ENTRIES PROVIDED:
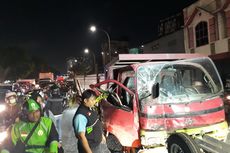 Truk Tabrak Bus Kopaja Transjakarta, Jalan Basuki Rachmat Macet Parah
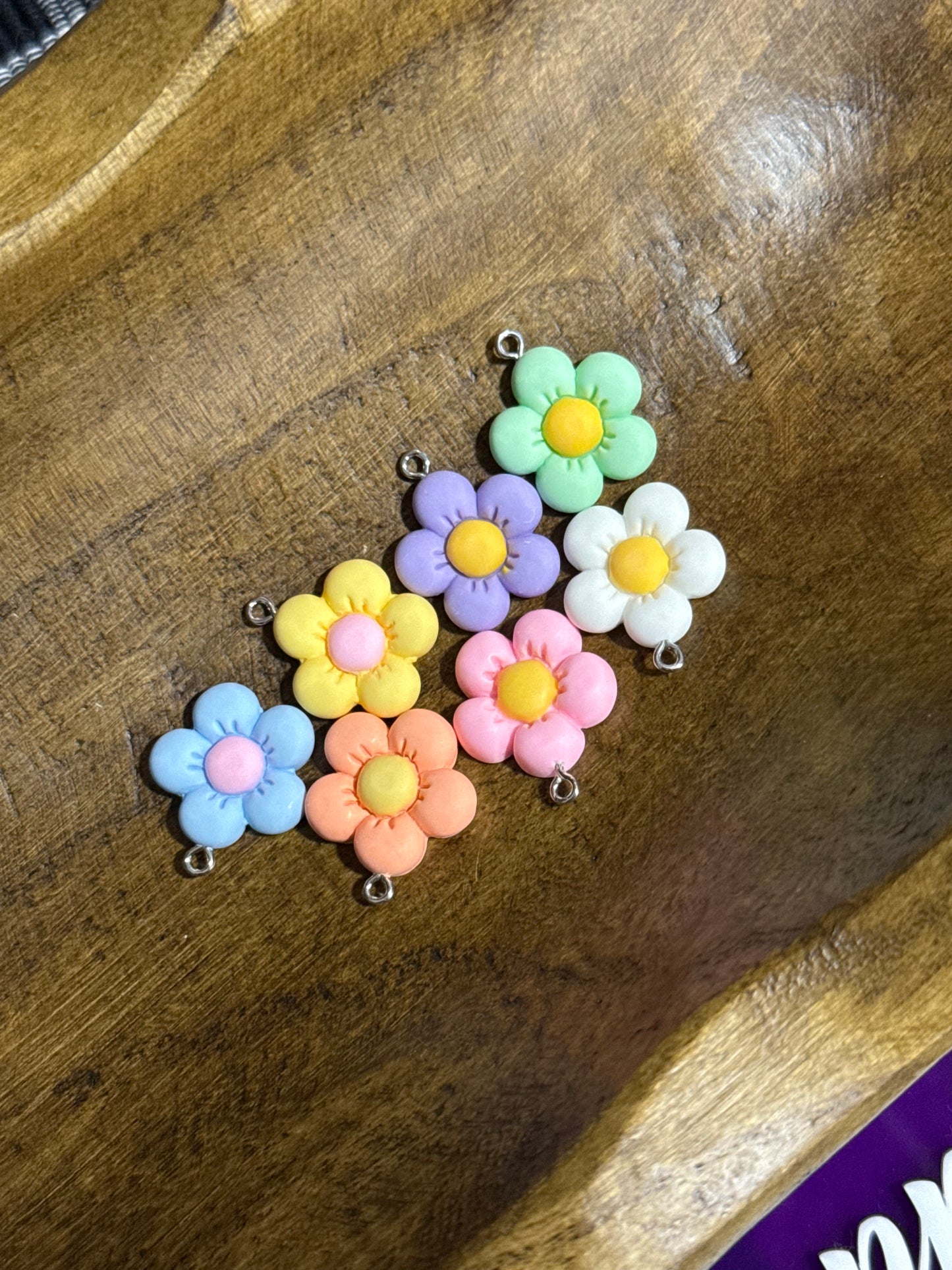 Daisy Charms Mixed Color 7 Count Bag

...

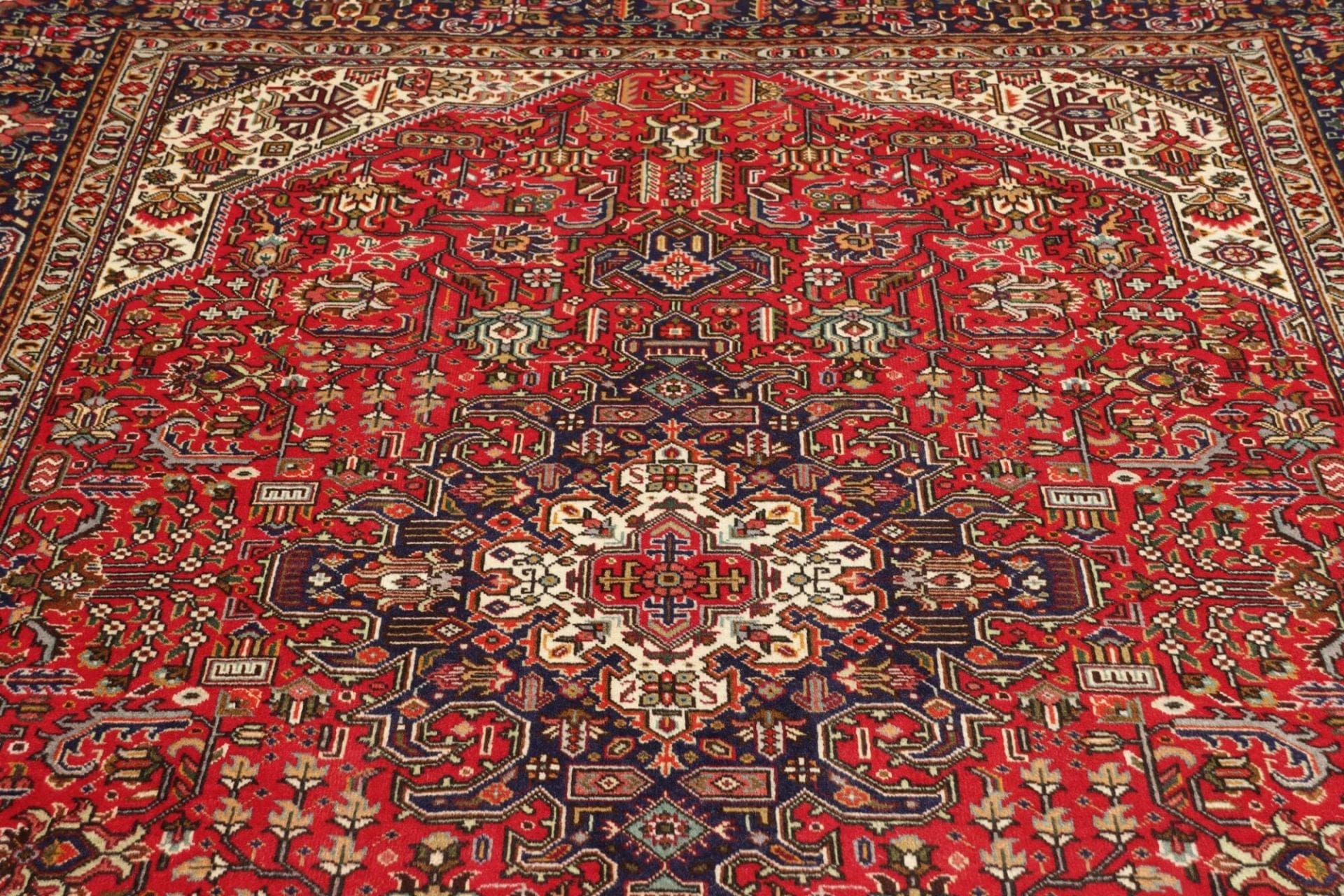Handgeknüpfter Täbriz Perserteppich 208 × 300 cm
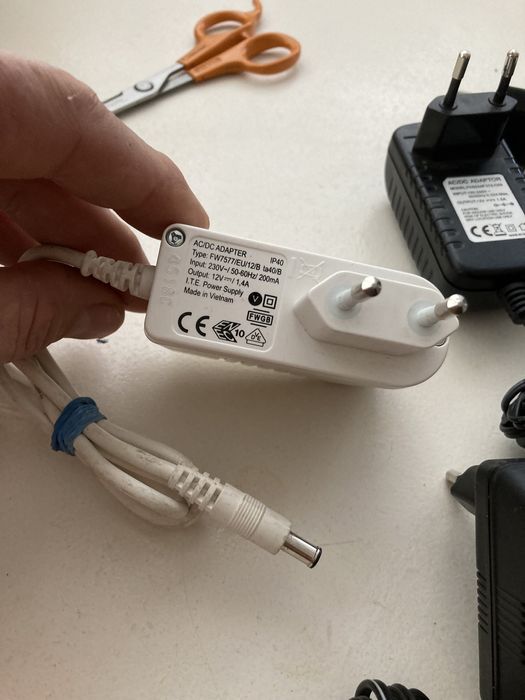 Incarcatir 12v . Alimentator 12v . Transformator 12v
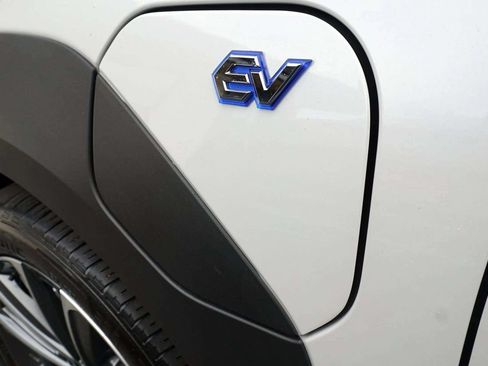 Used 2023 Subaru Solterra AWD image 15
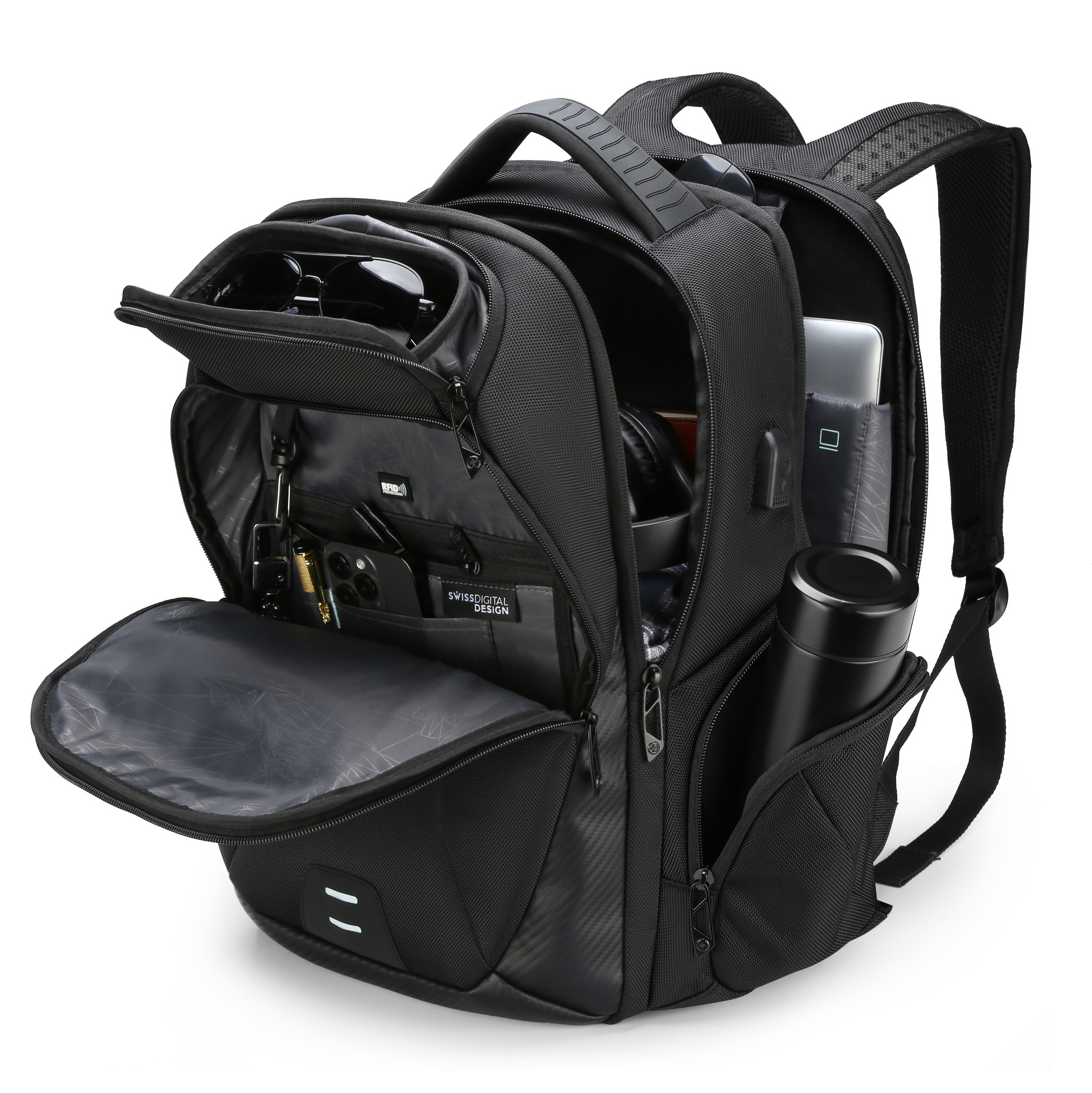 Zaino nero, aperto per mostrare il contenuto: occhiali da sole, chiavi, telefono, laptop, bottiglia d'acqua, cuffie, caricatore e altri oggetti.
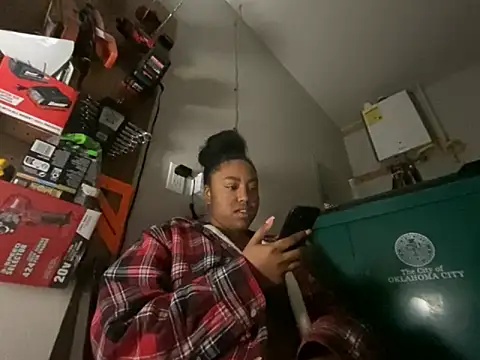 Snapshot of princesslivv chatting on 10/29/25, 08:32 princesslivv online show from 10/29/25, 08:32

ASSIGNED TASK:
In the data above, the stretch from the line with "Used 2023 Subaru Solterra AWD image 15" through the line with "Snapshot of princesslivv" is to be returned exactly, minus any pictures.

ANSWER SECTION:
 Used 2023 Subaru Solterra AWD image 15
 Zaino nero, aperto per mostrare il contenuto: occhiali da sole, chiavi, telefono, laptop, bottiglia d'acqua, cuffie, caricatore e altri oggetti.
 Snapshot of princesslivv chatting on 10/29/25, 08:32 princesslivv online show from 10/29/25, 08:32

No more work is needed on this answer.